15.3.24

O mal, disfarçado de azul celeste

Massive Attack, “Karmacoma” (live from Later with Jools Holland), in https://www.youtube.com/watch?v=_b9y13tObEw

Asas quebradas implicam anjos abortados na tarefa de travar o arrojo do mal. Os estrovos avulsos apareceram sem agenda e os anjos não vingaram. Deixaram atrás dos seus cadáveres um número assustador de vítimas.

As cores deixadas em legado não conspiravam entre si. Dizia-se delas que eram sinais que podiam ser traduzidos, deixando à parte as metáforas insondáveis. Dizia-se: que a maldade era abainhada a preto, como se um luto iníquo se abatesse sobre as presas preferidas do mal. As presas preferidas: era quem viesse ao acaso, o mal era das coisas mais democráticas.
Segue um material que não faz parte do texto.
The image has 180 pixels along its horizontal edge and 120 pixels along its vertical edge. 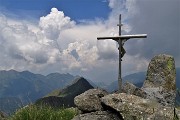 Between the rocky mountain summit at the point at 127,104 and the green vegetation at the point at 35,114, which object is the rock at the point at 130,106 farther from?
the green vegetation at the point at 35,114

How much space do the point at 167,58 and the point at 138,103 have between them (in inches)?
397

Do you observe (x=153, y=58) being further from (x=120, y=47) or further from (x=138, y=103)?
(x=138, y=103)

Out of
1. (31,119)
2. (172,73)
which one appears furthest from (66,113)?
(172,73)

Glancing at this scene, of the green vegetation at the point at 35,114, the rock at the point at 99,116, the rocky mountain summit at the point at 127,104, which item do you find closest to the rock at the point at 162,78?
the rocky mountain summit at the point at 127,104

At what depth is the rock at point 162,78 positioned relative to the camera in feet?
79.2

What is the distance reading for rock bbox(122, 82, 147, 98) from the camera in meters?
20.8

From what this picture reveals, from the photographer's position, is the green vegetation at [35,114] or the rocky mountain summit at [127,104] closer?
the rocky mountain summit at [127,104]

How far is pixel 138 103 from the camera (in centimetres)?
1727

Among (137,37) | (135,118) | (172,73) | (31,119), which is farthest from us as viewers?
(172,73)

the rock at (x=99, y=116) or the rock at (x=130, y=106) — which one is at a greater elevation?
the rock at (x=130, y=106)

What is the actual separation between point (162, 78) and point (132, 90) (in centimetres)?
569

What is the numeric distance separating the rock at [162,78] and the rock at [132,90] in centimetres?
241

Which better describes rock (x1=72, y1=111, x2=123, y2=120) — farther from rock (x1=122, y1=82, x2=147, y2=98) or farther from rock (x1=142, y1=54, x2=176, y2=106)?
rock (x1=142, y1=54, x2=176, y2=106)

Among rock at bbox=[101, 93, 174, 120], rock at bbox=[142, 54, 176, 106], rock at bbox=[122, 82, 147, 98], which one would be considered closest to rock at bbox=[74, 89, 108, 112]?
rock at bbox=[101, 93, 174, 120] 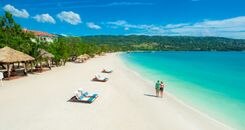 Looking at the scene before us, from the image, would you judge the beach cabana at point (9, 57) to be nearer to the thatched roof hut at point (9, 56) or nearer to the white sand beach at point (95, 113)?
the thatched roof hut at point (9, 56)

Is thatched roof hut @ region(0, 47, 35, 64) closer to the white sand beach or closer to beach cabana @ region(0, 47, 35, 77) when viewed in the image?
beach cabana @ region(0, 47, 35, 77)

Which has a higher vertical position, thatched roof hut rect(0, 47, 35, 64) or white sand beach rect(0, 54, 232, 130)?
thatched roof hut rect(0, 47, 35, 64)

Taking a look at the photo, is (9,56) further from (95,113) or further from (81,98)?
(95,113)

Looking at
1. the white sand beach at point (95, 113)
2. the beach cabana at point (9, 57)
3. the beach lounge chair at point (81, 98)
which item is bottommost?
the white sand beach at point (95, 113)

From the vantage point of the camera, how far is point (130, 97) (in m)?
15.8

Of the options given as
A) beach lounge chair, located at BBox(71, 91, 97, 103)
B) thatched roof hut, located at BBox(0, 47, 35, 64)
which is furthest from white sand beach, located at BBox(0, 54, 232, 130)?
thatched roof hut, located at BBox(0, 47, 35, 64)

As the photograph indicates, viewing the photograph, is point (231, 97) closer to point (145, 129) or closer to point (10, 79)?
point (145, 129)

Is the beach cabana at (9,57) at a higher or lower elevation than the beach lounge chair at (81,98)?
higher

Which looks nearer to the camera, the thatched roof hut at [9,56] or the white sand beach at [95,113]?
the white sand beach at [95,113]

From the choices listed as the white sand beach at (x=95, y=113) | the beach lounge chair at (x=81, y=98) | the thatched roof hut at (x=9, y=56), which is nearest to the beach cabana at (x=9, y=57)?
the thatched roof hut at (x=9, y=56)

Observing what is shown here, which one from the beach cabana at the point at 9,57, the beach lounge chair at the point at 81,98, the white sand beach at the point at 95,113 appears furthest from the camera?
the beach cabana at the point at 9,57

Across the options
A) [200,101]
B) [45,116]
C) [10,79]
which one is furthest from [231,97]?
[10,79]

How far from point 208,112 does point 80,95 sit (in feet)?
24.9

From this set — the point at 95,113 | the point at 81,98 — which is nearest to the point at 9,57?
the point at 81,98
Mas o mal também vestia o fingimento. Também orquestrava ardis para se disfarçar de outra coisa qualquer. As pessoas estavam habituadas ao mal. Quase todas já tinham sido apanhadas nas malhas do mal e só depois é que perceberam. Tinham feito o tirocínio para não serem reféns. E para deixarem um pé atrás, à cautela. Pressentiam o mal assim que ele sussurrava por cima das fronteiras. Descobriram um código que inventariava o mal nas imediações. O mal, sabendo do princípio geral da precaução que se levantava contra ele, jogava outros trunfos. Tinha de fingir que não era mal.  

As pessoas não podiam prescindir de um módico de ingenuidade. Por mais que cavalgassem na desconfiança para deixarem o mal desarmado, não podiam travá-lo quando se dissimulava. Se o mal aparecia transfigurado de azul celeste, as pessoas associavam o azul celeste ao céu. Congeminavam outras metáforas e a correspondência ao azul celeste dirimia a desconfiança. 

Mas o mal tornou-se o rosto do azul celeste e todas as coisas que aparecessem tingidas por esta cor tornaram-se reflexos da maldade. Ninguém contava. O mal apanhou todas as pessoas que deitaram a mão ao azul celeste, convencidas que era uma brisa marítima que ornamentava as suas vidas. Em vez de aromas, o azul celeste, disfarçado de maldade, semeou a devastação interior.

As pessoas aprenderam a desconfiar de todas as cores. Em vez de se emprestarem às versões líricas dos que recusavam o mal como princípio de muitas coisas, passaram a usar todos os pés para estarem de atalaia. 

O mal, daí em diante, só apanhou empreitadas difíceis.